Asbestos found at Terrigal Beach in recent weeks

Fragments of asbestos washing up on local shores continues to be a problem for Central Coast Council, which has urged members of the public to exercise caution if they notice any pieces of the mineral fibre.

Council Unit Manager Environmental Management, Luke Sulkowski, said volumes of the material found on our beaches had decreased significantly in the past two years.

Sulkowski was responding to concerns raised by environmentalist Joy Cooper, who said she had spotted a number of broken pieces of asbestos in recent weeks while walking along both The Haven and Terrigal Beach to the lagoon entry.

“Is the Council still undertaking asbestos collection?” she said.

“I note the signs are no longer there, and there is no place to dispose of the pieces, so I (advised Council as) recommended (and) have not touched them.”
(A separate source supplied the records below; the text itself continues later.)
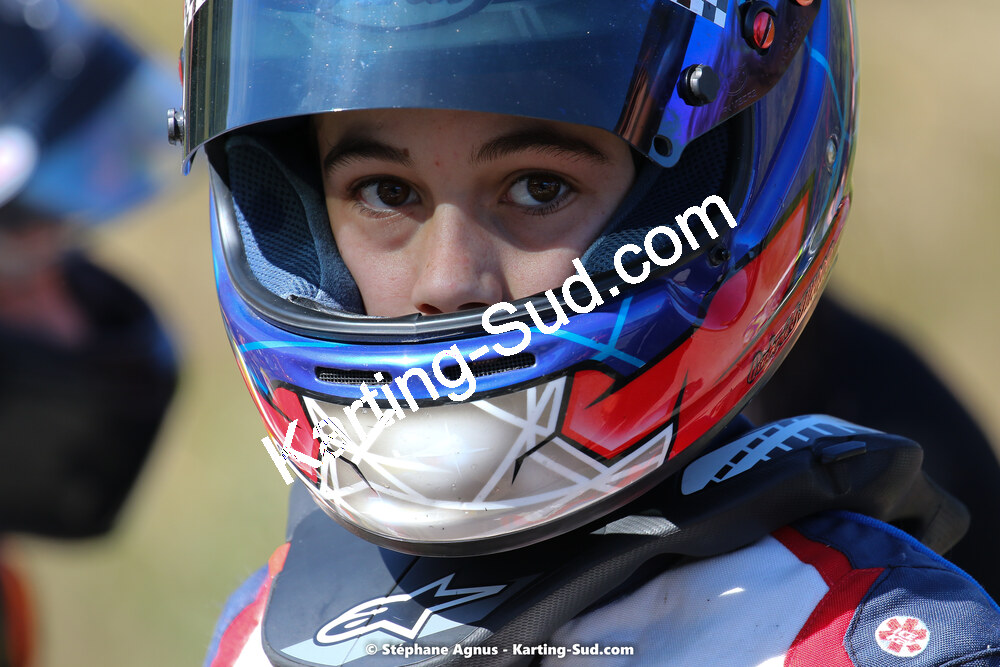 17/10/2021 : Challenge Jean-Claude Sanchez à Aigues-Vives (photos Stéphane Agnus) 2021 — karting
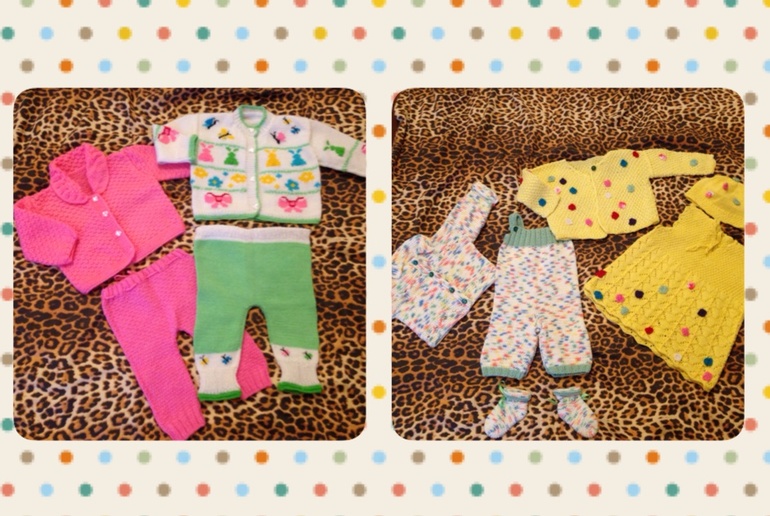 Итоговые похвастушки приданого.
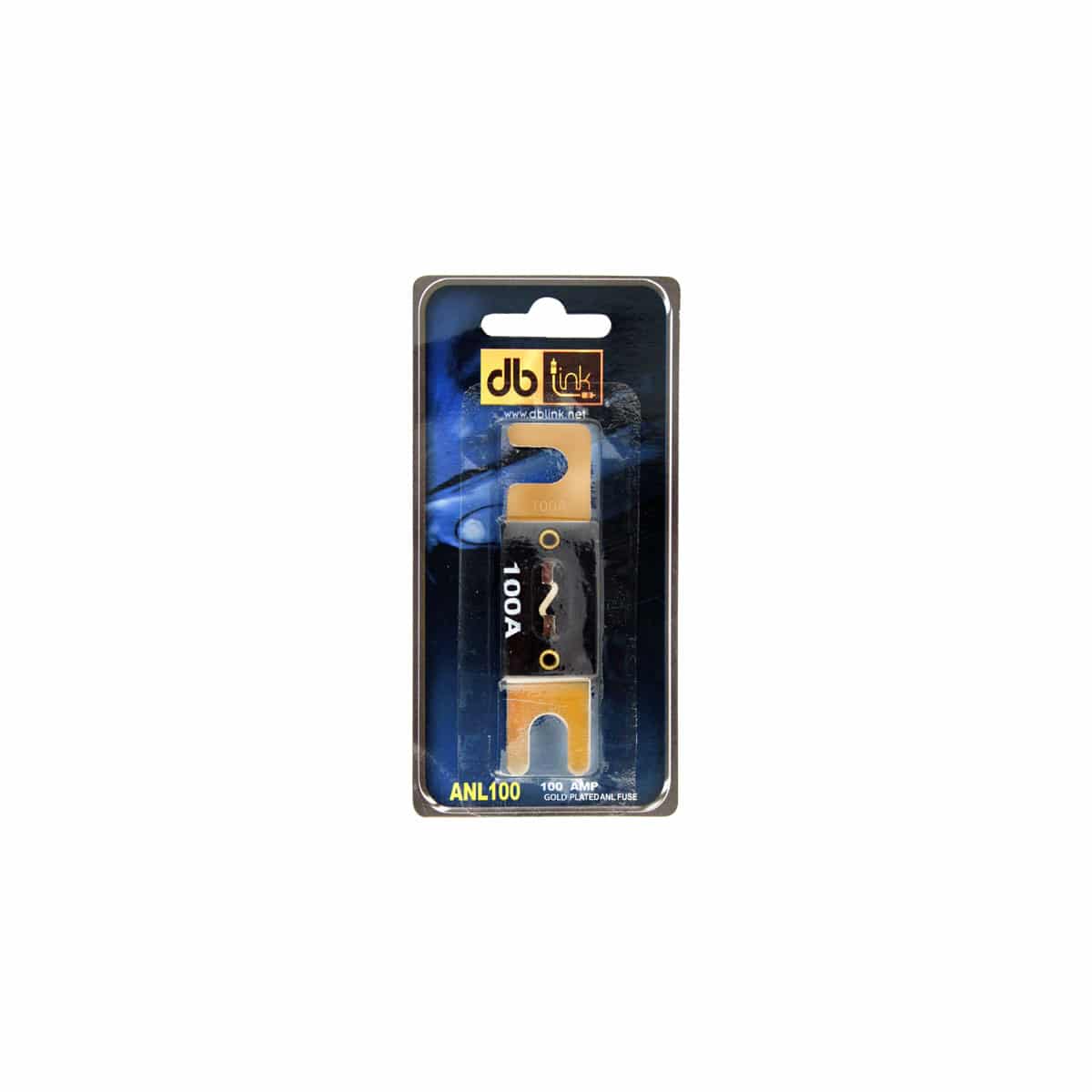 DB Link ANL250 : Gold Plated 250 Amp ANL Fuse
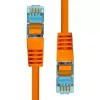 ProXtend CAT6A S/FTP RJ-45 3m Orange Ethernet-Kabel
Sulkowski said Council continues to make manual inspections of the beach twice a week.

“We … identify and remove potential fragments that wash up on the foreshores between Wamberal and Terrigal,” he said.

“The amount of material collected at these locations continues to be recorded by Council staff, with the amount of material currently being collected being much less than the volumes that were experienced in mid-2018.

“Despite the less significant impacts being experienced at present, (residents) are advised to please exercise caution at all times and report unknown material to Council or the Environment Protection Authority on 131 555 so it can be removed.

“If you know this material has been dumped, please report this as there are heavy penalties for those who are caught dumping asbestos-containing material.

“The community can be assured that managing this known issue is a key priority of Council and we will continue to be vigilant and will take all necessary precautions and actions in the interests of community safety.

“Previous testing for airborne asbestos particles at this location undertaken by a specialist consultant, when larger quantities of material were presenting on the beach, did not identify the presence of any airborne asbestos fibres.

“The risk to the public is considered low.

“It is unfortunate that Council and the community are being left to manage the ongoing issues of this material being washed up or dumped in our environment.”